Кроме того, Кайуа выделяет пайдиа — спонтанную манифестацию (чаще всего ребенком) потребности играть: куча мала, бумажный змей... и людус — тип игры, где борются не с соперником, а с предметом или препятствием: жонглирование, бильбоке и т.п.
Неоднороден и внутренний строй игры — она состоит из разных уровней.
Первый — нормативно-технический. Он состоит из правил, то есть системы предписаний и запретов, определяющих течение любой игры. В футболе можно играть ногами и нельзя — руками всем, кроме вратаря в пределах штрафной площадки. В картах нельзя подсматривать за картами партнера и можно брать прикуп. В театре нельзя сгонять зрителей с кресел, а зрителям нельзя прерывать действие даже в том случае, если актеры разыгрывают его в зрительном зале.
Второй — нормативно-сценарный: он приблизительно описывает развитие событий в некоем идеальном варианте. Так, тренер перед игрой дает установку: кто в защите, кто в нападении, кто кого страхует в защите и тому подобное.
Третий уровень — спонтанно-ситуационный. Он связан с непредсказуемой частью процесса, которую невозможно предварить специальной установкой — если этого не будет, такую игру никто не придет смотреть, и играть в нее никому будет не интересно.

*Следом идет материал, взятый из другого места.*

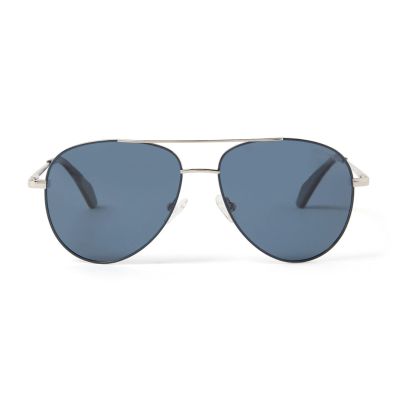James Aviator Sunglasses (Silver & Blue / Blue)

И четвертый — функциональноролевой, касающийся позиций каждого из участников игры. Здесь разделяются функции, амплуа, роли: определяется, кто будет героем-любовником, полузащитником, инженю, вратарем, судьей и так далее.
В современной культуре невозможно представить себе просто игру — без зрителей. Наблюдатель — болельщик, телезритель... — так или иначе отождествляется с играющим и обогащается частью его переживаний. Разделение игрового действа на участников и зрителей особенно важно в структуре современной культуры, основанной на зрелищах. Многие игры, если смотреть на них с позиции зрителя, попадают в разряд мимикрии.

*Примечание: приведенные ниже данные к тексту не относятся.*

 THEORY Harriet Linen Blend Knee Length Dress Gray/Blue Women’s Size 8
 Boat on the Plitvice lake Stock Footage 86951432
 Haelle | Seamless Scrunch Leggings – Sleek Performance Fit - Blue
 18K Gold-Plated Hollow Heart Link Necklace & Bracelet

Мы — созерцатели игры — наблюдаем за «агоном», когда смотрим, например, футбол, пополняя армию болельщиков, таскаясь за любимой командой из города в город, сидя на трибунах и повторяя про себя движения футбольных кумиров. Видим игру «алеа», глядя в казино, как другие ставят деньги на рулетку или блэкджек, смотря по телевизору розыгрыши лотерей и лото. Сопереживаем играм вида «мимикрия», когда смотрим кино, ходим в театры, читаем романы и примериваем на себя обстоятельства и перипетии художественного творения. Многие это делают в поиске «жизненности», то есть проверяют творение на «верность природе и правде жизни». И наконец, следим за экстремальными видами спорта («иллинксными») по телевизору.